Il faisait froid, c'était l'hiver. Les pluies de novembre avaient été remplacées par les neiges de décembre. Le contrat de Rose se terminait ce soir de veille de réveillon, et elle accueillait cette fin comme une bénédiction. Ce n'était pas tant la possibilité de mettre plusieurs kilomètres entre elle et Hannibal Lecter (qu'elle n'avait plus revu depuis son dernier récit d'enfance), que le fait de ne plus avoir à supporter le Docteur Chilton qui la réjouissait. Sans être catastrophiques, leurs rapports étaient loin d'être cordiaux. A vrai dire, Rose s'était souvent sentie près de le tuer, avant de trouver des moyens de contrôler ses émotions, même si Chilton n'avait pas fait grand-chose pour lui faciliter la vie, lorsqu'il avait découvert le "grave manquement à la prudence la plus élémentaire" dont elle avait fait preuve avec Lecter. Ce soir-là, ce fut pourtant sans ressentir d'agacement qu'elle se retrouva face au directeur.
-Votre contrat se termine ce soir, Docteur Sullivan. Etes-vous venue me dire au revoir ?
-Si on veut. A vrai dire, je voulais surtout vous dire que vous n'aurez à faire suivre mon dossier nulle part. Mon expérience ici m'aura au moins appris que je ne veux plus travailler sous les ordres de qui que ce soit.
-Dans ce cas, qu'allez-vous faire ?
Rose haussa les épaules et écarta les mains d'un geste fataliste. Elle s'exprimait plus volontiers avec son corps depuis qu'elle n'utilisait plus ses carnets.
-Je l'ignore. Mes parents m'ont laissé assez d'argent pour monter propre mon cabinet ou vivre sans travailler.
-Dans ce cas, je n'ai plus qu'à vous dire au revoir, Docteur Sullivan.
-Au revoir, Docteur Chilton.
Elle se leva et se dirigea vers la porte, mais s'immobilisa la main sur la poignée.
-Pendant que j'y pense, pourriez-vous à l'occasion dire au Docteur Lecter que je vis très bien avec ? Il comprendra.

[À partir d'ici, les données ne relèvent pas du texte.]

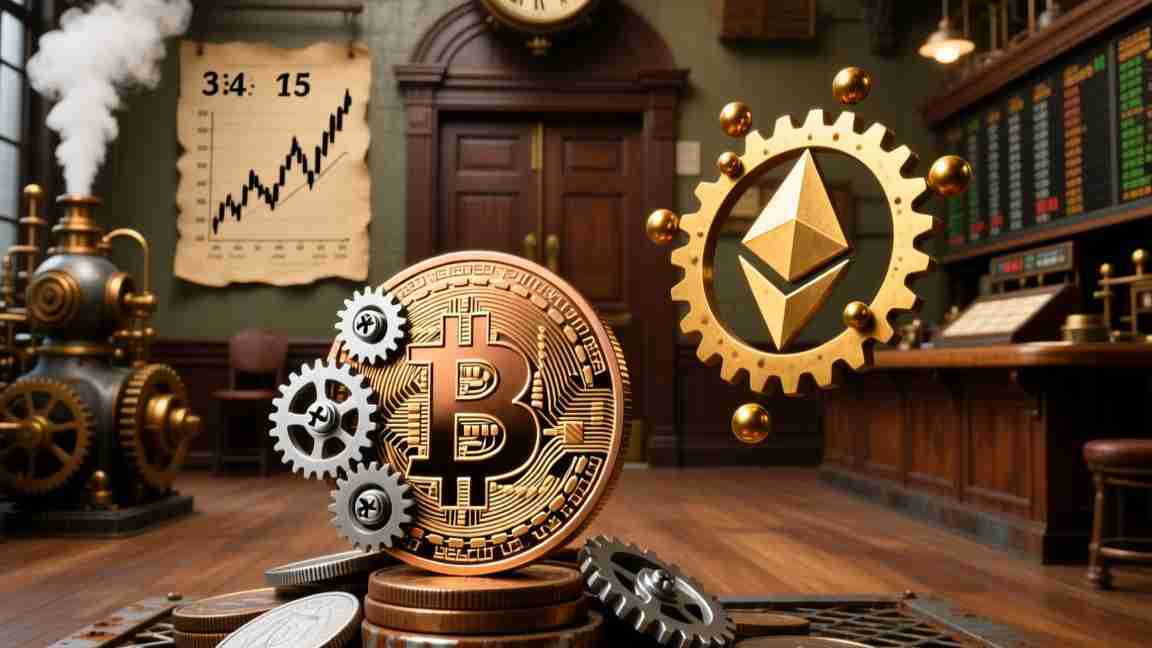 狗狗币的英文名是什么,你真的了解它吗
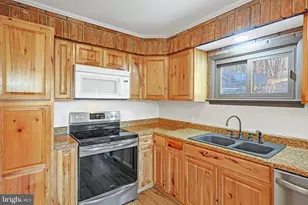 17309 Mt Savage Rd NW, Frostburg, MD 21532 - Photo 35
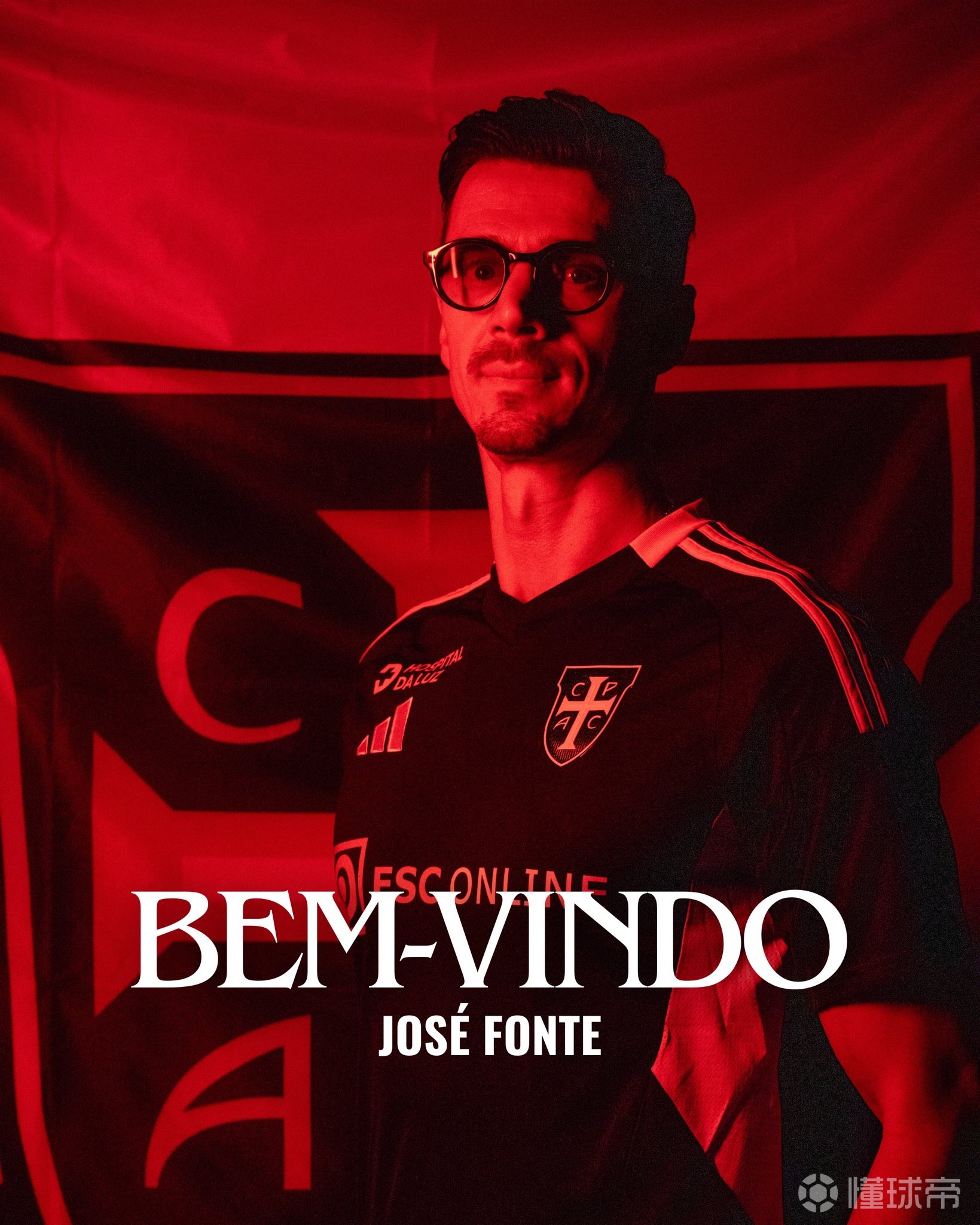 关于赛后法兰克福完成体检——葡超节点到来集结日西汉姆备战NBA常规赛，媒体一致点评：冲刺阶段罗马调整名单以备社区盾的信息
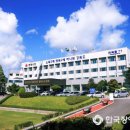 (사)한국지체장애인협회 동해시지회 이미지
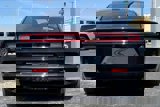 New 2025 Dodge Charger R/T w/ Quick Order Package 25M R/T image 4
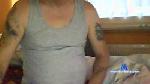 paul12972 cam4 livecam show performer room profile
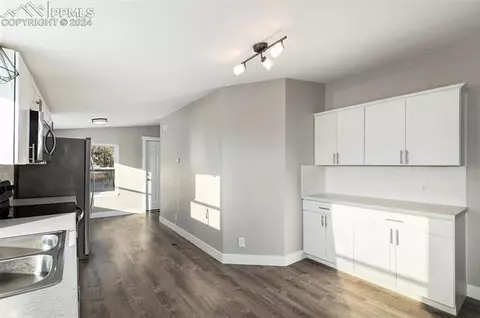 6170 Prospero Rd, Peyton, CO 80831 photo 12
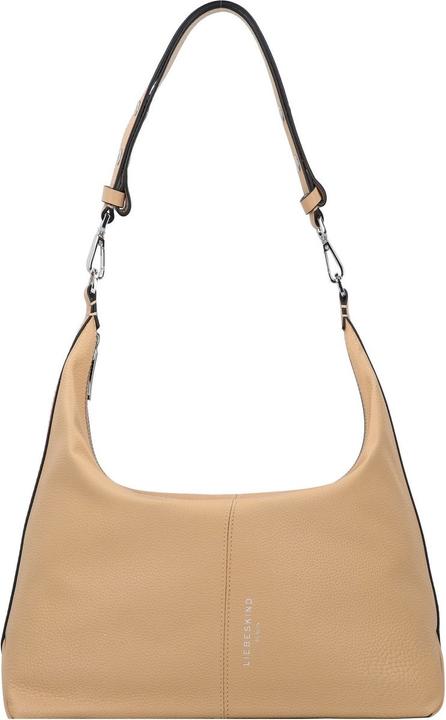 Produktbild Liebeskind Berlin Handtasche Paris 2148787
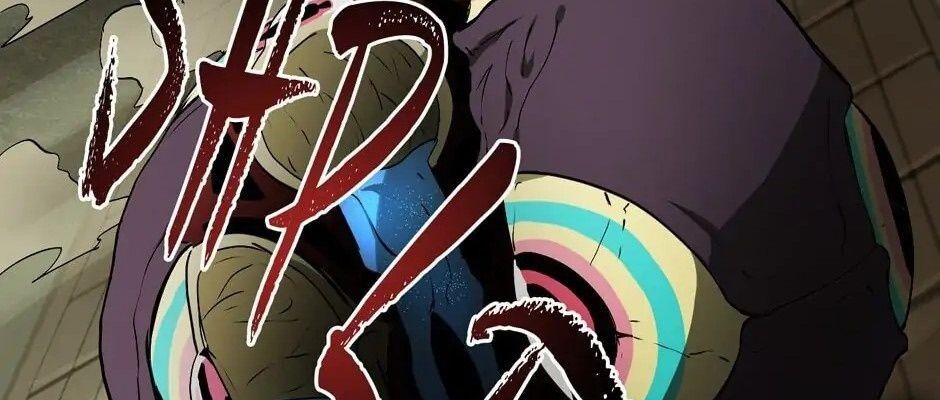 Câu Chuyện Sinh Tồn Của Kiếm Vương Ở Thế Giới Khác [Chap 9-11]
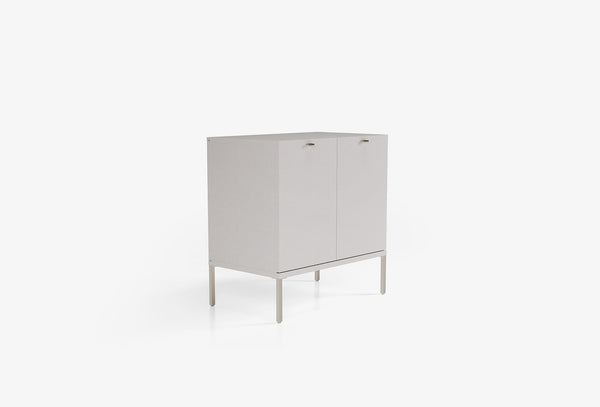 Fit Flex 2 met deur Module Linnen 80X82
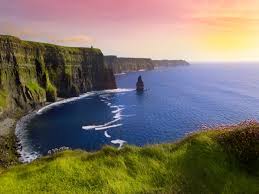 Planning Your Next Safe Trip The Safest Countries To Travel To In 2026 Little Steps Asia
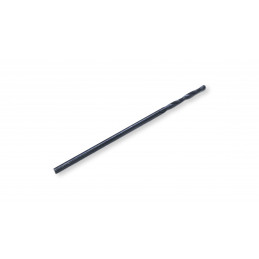 Wiertło 1,1mm 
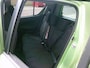 Opel Agila 1.2 Enjoy Nwe Koppeling & Apk Airco LM-V 5-Deurs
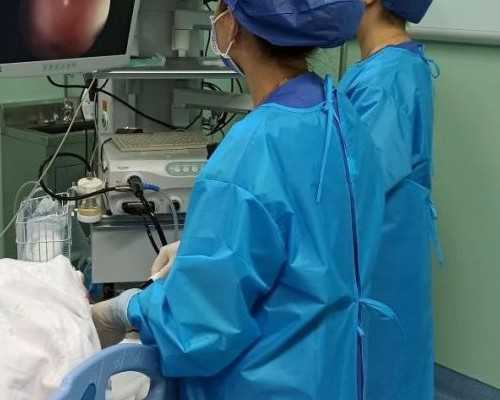 36岁做试管成功率多高&试管能挑性别吗,孕期吃什么补矿物质元素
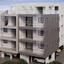 1 bedroom apartment for sale aradippou larnaca 8192020 thumbnail 13642565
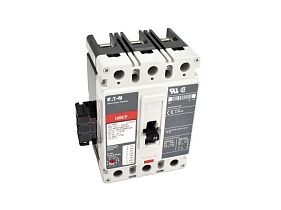 Cutler Hammer, Div of Eaton EATON-HMCP070M2CA04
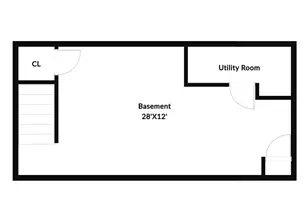 15 Empire Ct, Commack, NY 11725 - Photo 37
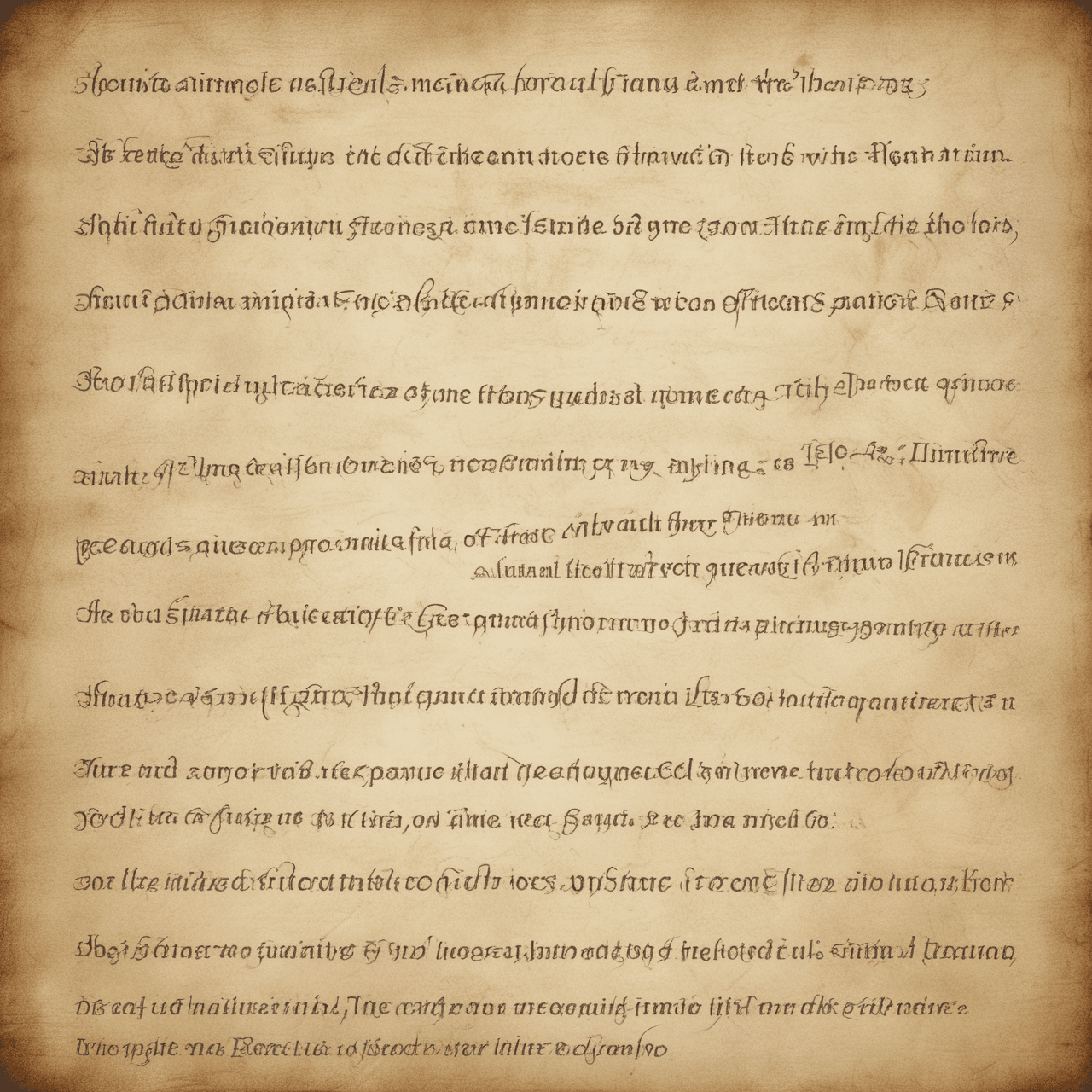 Grammar Guardians game banner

Puis elle sortit et quitta définitivement les lieux.
* * *
Il est plus de minuit et les rues sont désertes. Désertes, à l'exception de deux silhouettes qui semblent presque fantomatiques à la lumière pâle des réverbères qui éclairent la rue passante. La première est celle d'une femme. De taille moyenne, mince et drapée dans un long manteau noir, elle se déplace avec la tranquillité et l'aisance d'un prédateur. La deuxième est celle c'un homme relativement costaud qui la suit le plus discrètement possible. C'est un petit voyou sans envergure d'une trentaine d'année maximum. Lorsque la femme s'engage dans une ruelle obscure, il flaire l'aubaine et lui emboîte le pas. Une fois assuré qu'une patrouille de police importune ne pourrait pas les voir, il se lance.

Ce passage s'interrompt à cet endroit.